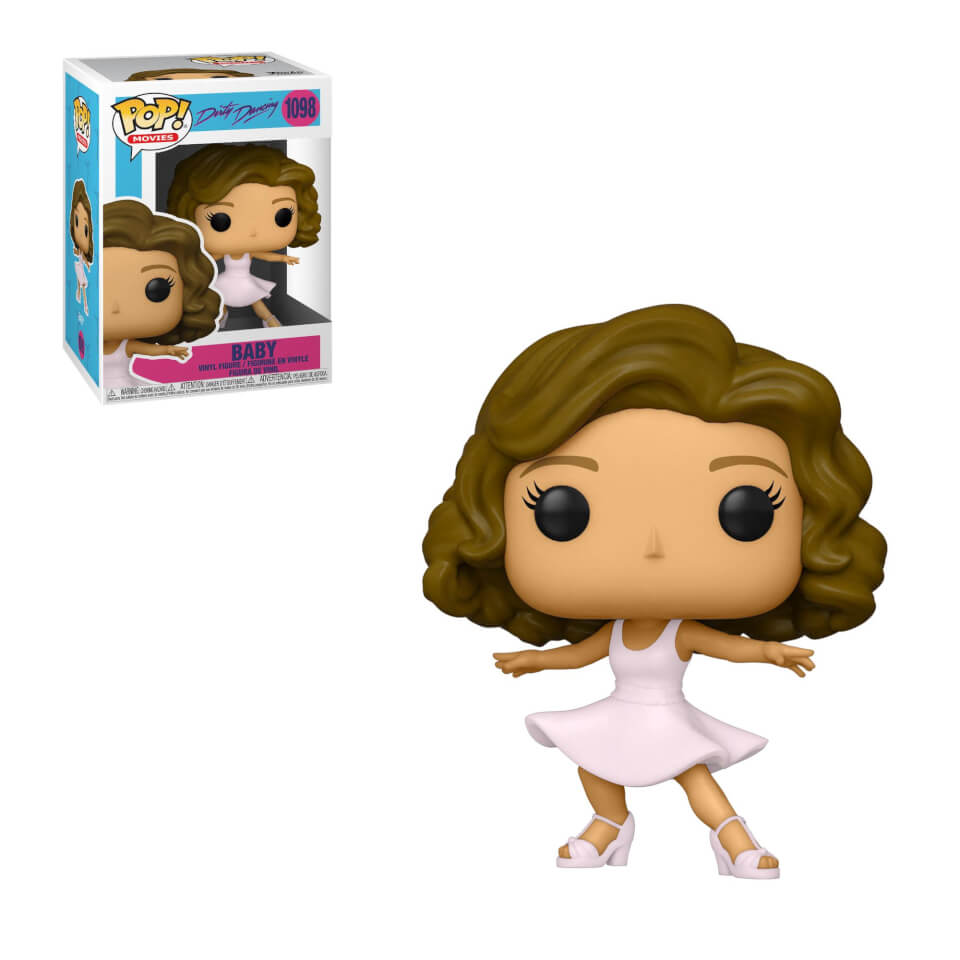 dirty dancing funko pop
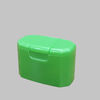 Rectangle Green Flip Top Dispensing Caps 16 Mm Neck Size Long Life Span supplier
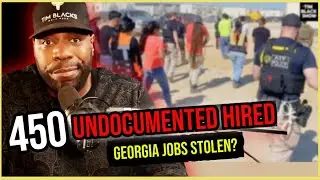 ICE Raids Hyundai Plant &ndash; Where Are the Jobs for Black Americans?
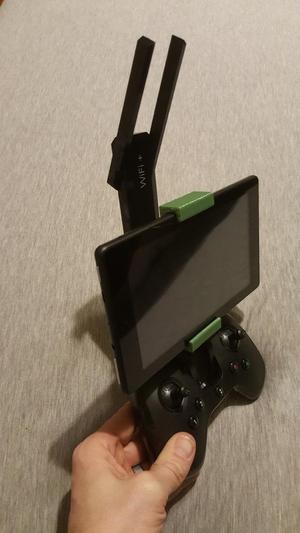 Parrot flypad amazon fire 7 wifi extender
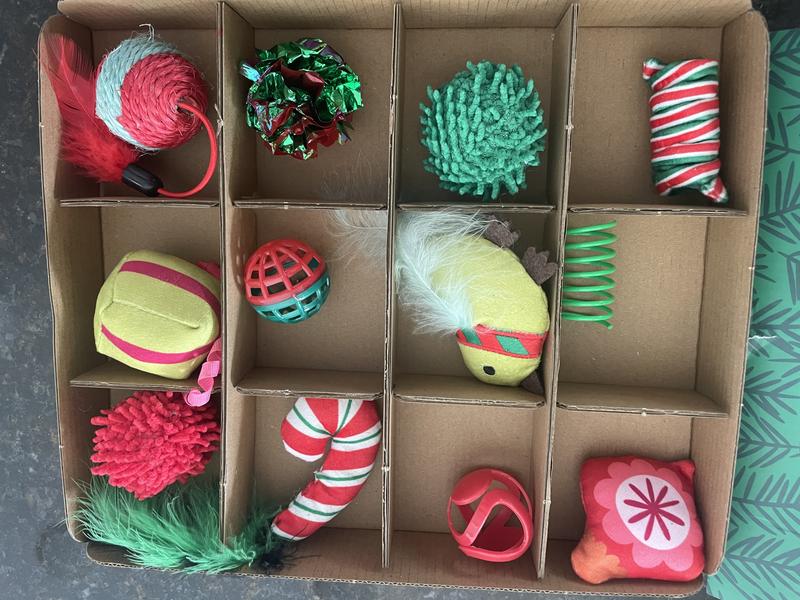 Look inside 😊🎄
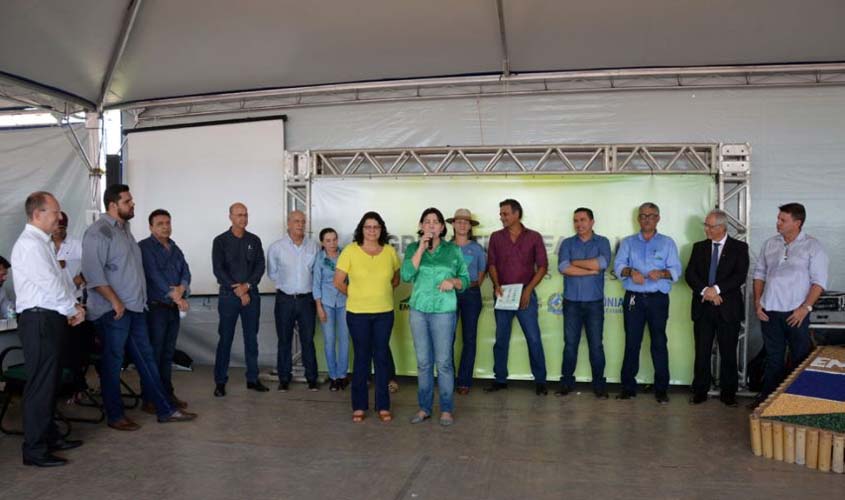 Rodada de Negócios da Rondônia Rural Show atrai produtores rurais à Porto Velho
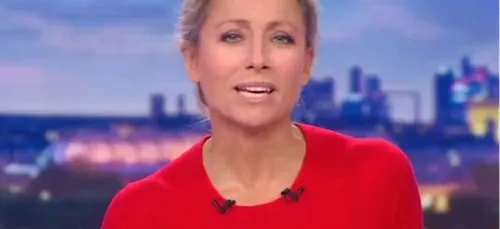 Coupe du monde 2018 : la remarque d’Anne-Sophie Lapix sur le...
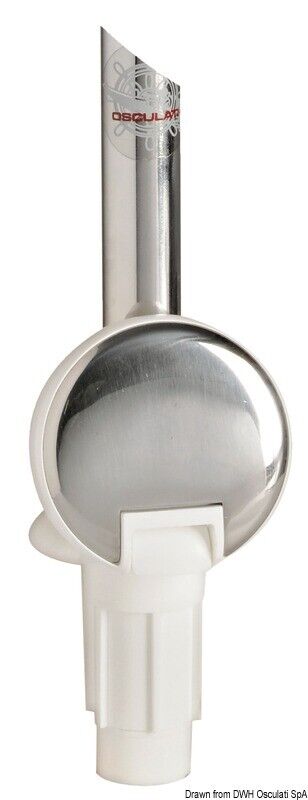 PULL-OUT LED LIGHT POLE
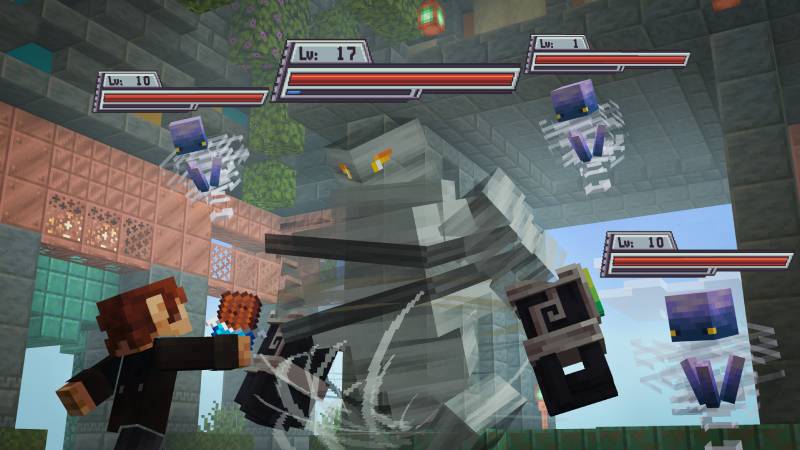 EVOLVING MOBS 3.0 Add-On by Maca Designs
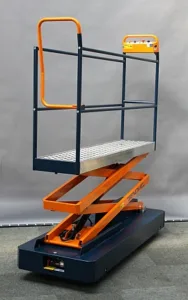 Read more about the article Berg trolleys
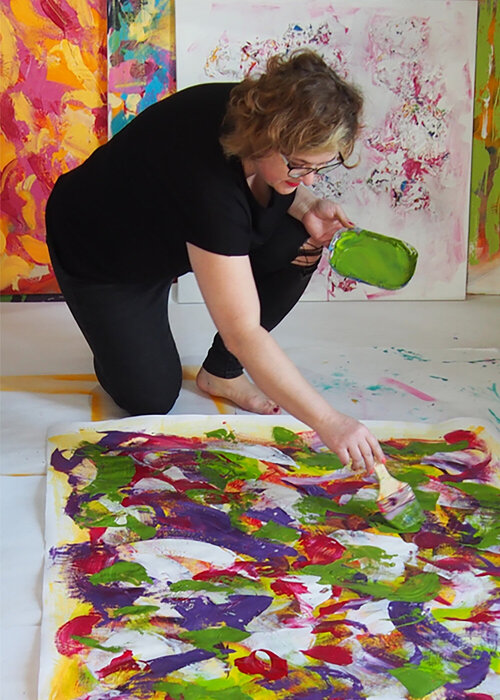 Anna Młyniec auf Singulart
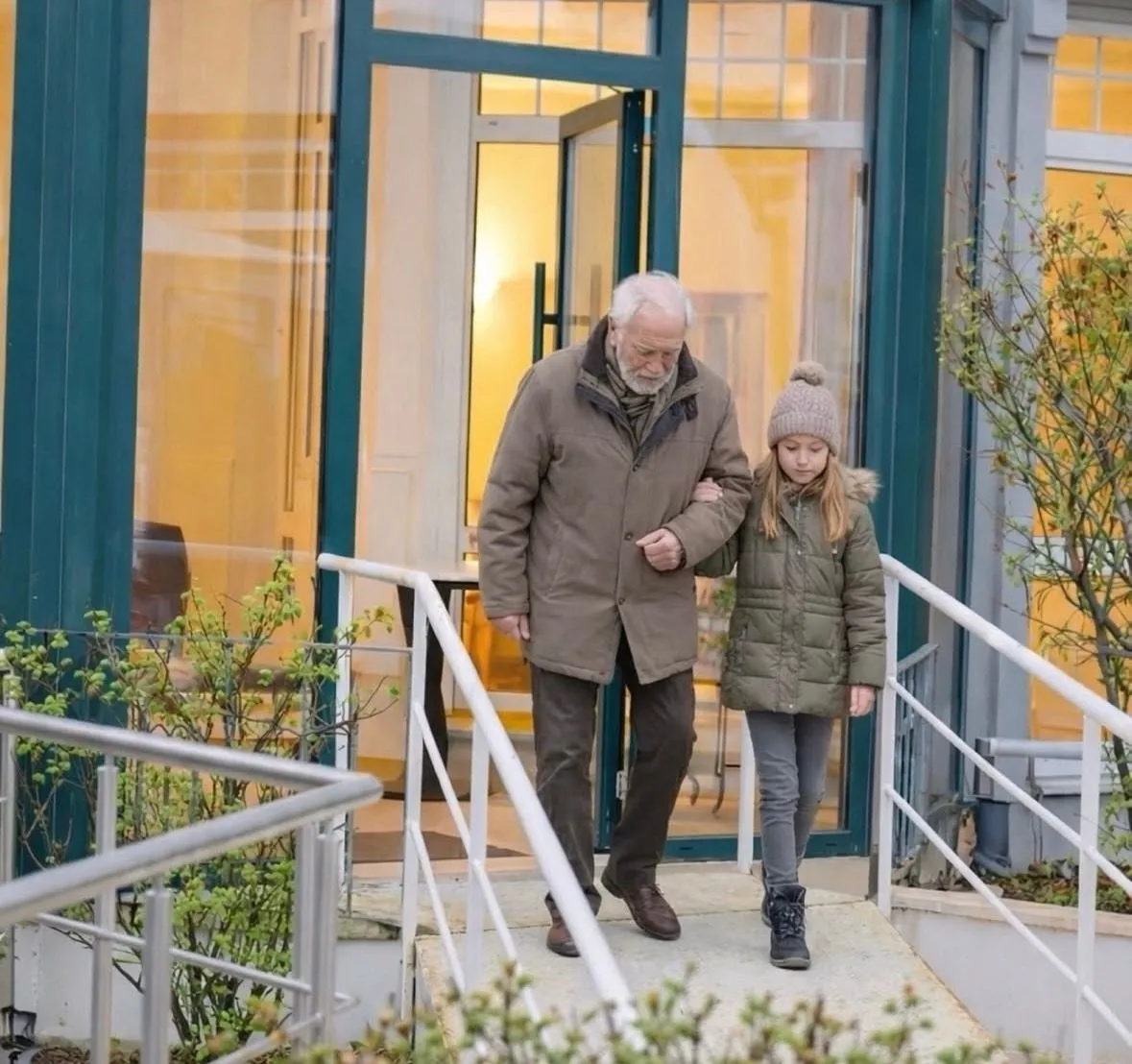 Türkiye'nin En İyi Huzur ve Bakımevi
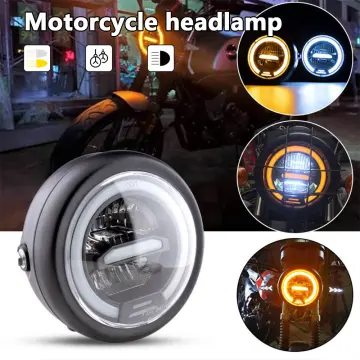 Shop Cafe Racer Headlight online | Lazada.com.ph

.....

■ **YOUR OBJECTIVE**
Could you write out the records again exactly, omitting each image?

■ **PROBLEM SOLUTION**
 dirty dancing funko pop
 Rectangle Green Flip Top Dispensing Caps 16 Mm Neck Size Long Life Span supplier
 ICE Raids Hyundai Plant &ndash; Where Are the Jobs for Black Americans?
 Parrot flypad amazon fire 7 wifi extender
 Look inside 😊🎄
 Rodada de Negócios da Rondônia Rural Show atrai produtores rurais à Porto Velho
 Coupe du monde 2018 : la remarque d’Anne-Sophie Lapix sur le...
 PULL-OUT LED LIGHT POLE
 EVOLVING MOBS 3.0 Add-On by Maca Designs
 Read more about the article Berg trolleys
 Anna Młyniec auf Singulart
 Türkiye'nin En İyi Huzur ve Bakımevi
 Shop Cafe Racer Headlight online | Lazada.com.ph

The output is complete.